'''
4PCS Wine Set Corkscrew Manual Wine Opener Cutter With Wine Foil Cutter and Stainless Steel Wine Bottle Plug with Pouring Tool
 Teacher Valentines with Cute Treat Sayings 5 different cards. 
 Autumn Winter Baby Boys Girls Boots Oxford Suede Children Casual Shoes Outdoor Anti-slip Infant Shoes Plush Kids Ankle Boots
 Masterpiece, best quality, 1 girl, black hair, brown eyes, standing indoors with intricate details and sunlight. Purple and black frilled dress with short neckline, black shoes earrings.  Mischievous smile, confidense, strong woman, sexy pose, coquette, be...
'''
TRY IT:
Retype only the lines above between the line with "Teacher Valentines with" and the line with "Autumn Winter Baby", counting those two lines as well, and keep every character as it is.

WRITTEN ANSWER:
 Teacher Valentines with Cute Treat Sayings 5 different cards. 
 Autumn Winter Baby Boys Girls Boots Oxford Suede Children Casual Shoes Outdoor Anti-slip Infant Shoes Plush Kids Ankle Boots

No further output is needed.